>>>

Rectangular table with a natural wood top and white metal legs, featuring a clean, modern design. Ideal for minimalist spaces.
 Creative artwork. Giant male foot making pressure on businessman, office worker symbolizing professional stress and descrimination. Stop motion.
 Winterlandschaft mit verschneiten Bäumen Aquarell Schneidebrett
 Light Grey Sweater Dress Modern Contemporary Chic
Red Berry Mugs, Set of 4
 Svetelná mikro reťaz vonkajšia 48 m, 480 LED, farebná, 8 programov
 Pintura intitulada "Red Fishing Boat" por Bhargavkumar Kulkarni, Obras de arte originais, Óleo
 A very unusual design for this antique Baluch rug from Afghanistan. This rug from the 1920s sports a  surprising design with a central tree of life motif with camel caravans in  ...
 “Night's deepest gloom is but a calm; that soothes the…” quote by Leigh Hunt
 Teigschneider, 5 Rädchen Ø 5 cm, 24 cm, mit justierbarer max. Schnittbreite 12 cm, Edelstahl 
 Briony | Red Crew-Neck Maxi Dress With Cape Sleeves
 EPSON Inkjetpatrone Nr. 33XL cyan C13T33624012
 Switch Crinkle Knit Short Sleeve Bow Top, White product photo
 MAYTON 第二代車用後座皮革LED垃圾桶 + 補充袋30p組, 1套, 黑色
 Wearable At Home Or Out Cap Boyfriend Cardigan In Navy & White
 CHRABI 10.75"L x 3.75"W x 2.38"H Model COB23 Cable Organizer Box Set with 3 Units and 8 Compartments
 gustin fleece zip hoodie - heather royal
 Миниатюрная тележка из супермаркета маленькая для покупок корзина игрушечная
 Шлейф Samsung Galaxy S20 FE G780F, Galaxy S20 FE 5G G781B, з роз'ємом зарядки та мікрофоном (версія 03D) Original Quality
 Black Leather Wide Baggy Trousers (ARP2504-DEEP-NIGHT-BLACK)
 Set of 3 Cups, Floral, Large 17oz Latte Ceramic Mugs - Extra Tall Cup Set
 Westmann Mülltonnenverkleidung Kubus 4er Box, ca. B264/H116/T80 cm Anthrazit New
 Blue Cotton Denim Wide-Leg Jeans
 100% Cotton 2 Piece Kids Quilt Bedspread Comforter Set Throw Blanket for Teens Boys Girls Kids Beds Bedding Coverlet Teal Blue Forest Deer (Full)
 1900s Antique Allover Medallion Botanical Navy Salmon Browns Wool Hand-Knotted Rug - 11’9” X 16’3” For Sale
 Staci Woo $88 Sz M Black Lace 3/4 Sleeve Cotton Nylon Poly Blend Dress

<<<

**Activity:** Scanning the data above, copy out every line where "Blue" is found.

**Written answer:**
 Blue Cotton Denim Wide-Leg Jeans
 100% Cotton 2 Piece Kids Quilt Bedspread Comforter Set Throw Blanket for Teens Boys Girls Kids Beds Bedding Coverlet Teal Blue Forest Deer (Full)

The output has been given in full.